#### Data section:
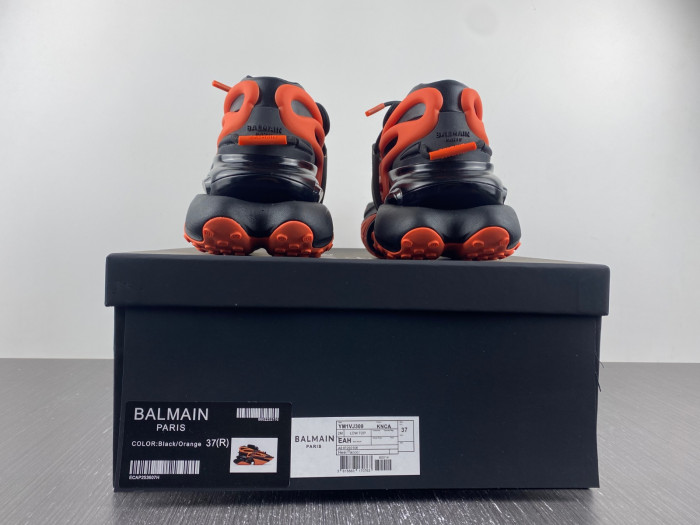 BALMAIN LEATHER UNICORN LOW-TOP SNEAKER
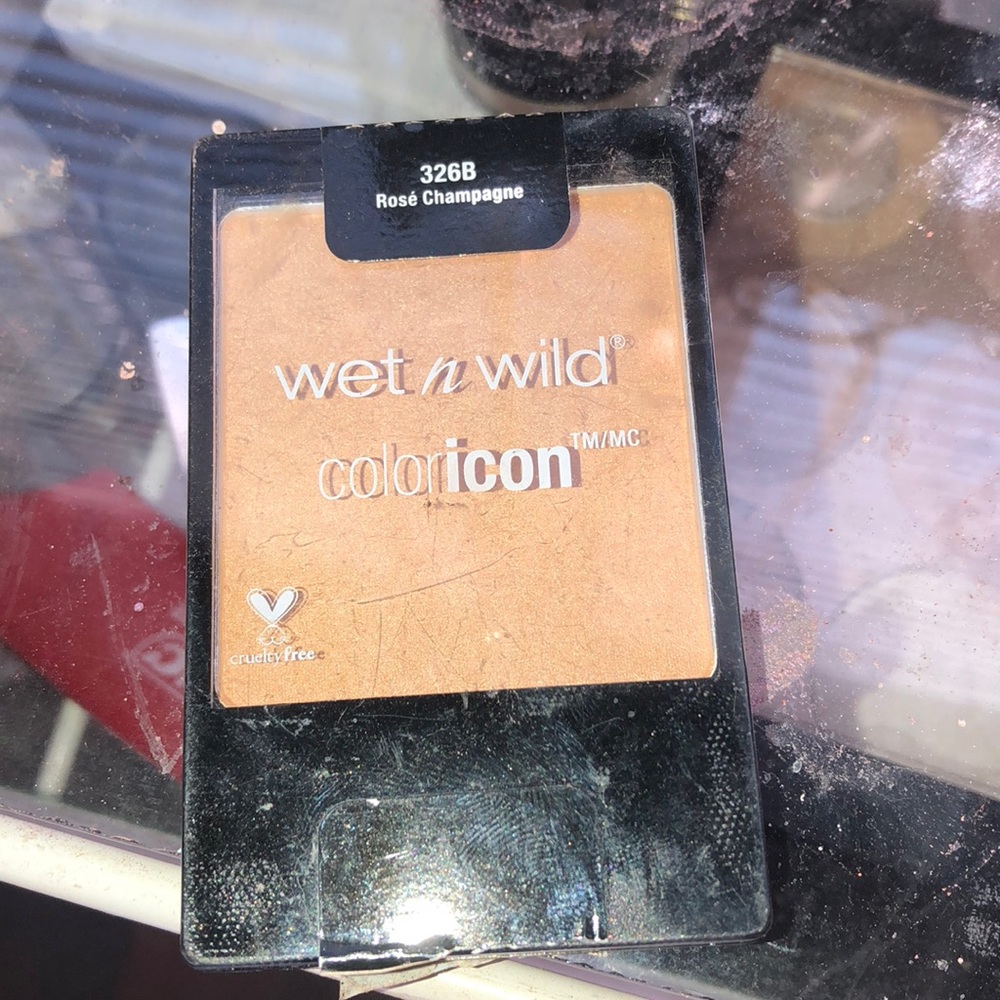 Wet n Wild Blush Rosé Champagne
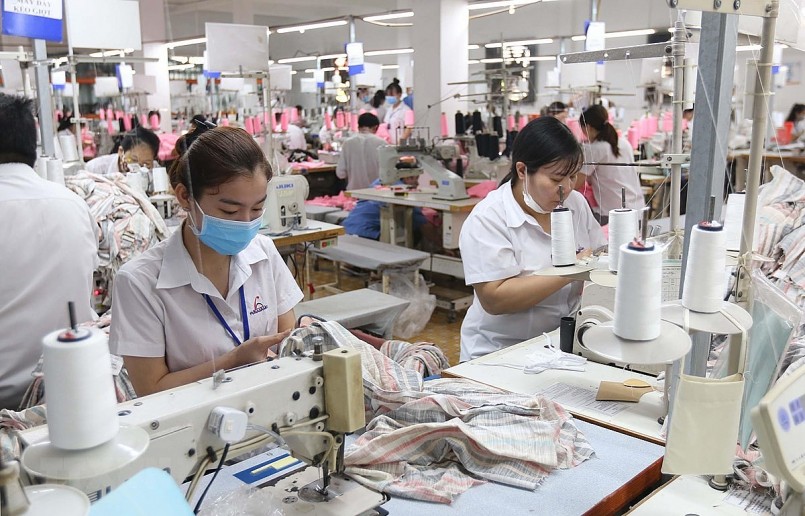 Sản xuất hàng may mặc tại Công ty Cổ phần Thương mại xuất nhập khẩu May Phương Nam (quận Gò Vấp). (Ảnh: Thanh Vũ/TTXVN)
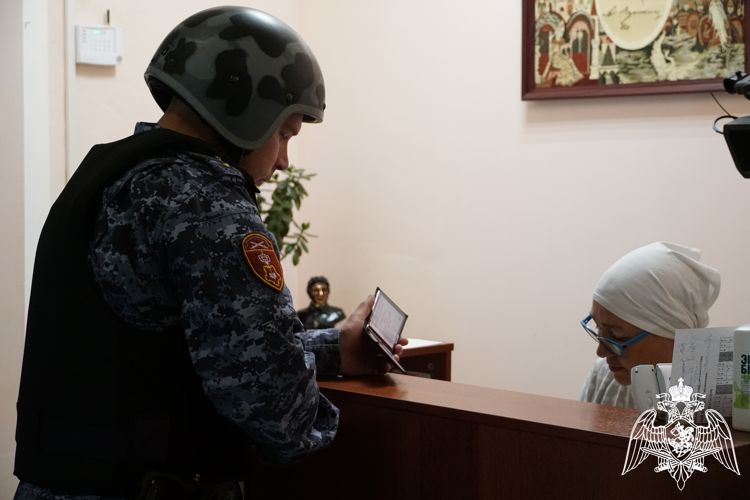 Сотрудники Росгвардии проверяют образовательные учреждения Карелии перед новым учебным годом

#### Problem to solve:
Nothing but the pictures may be dropped; restate the material word for word.

#### Reply:
 BALMAIN LEATHER UNICORN LOW-TOP SNEAKER
 Wet n Wild Blush Rosé Champagne
 Sản xuất hàng may mặc tại Công ty Cổ phần Thương mại xuất nhập khẩu May Phương Nam (quận Gò Vấp). (Ảnh: Thanh Vũ/TTXVN)
 Сотрудники Росгвардии проверяют образовательные учреждения Карелии перед новым учебным годом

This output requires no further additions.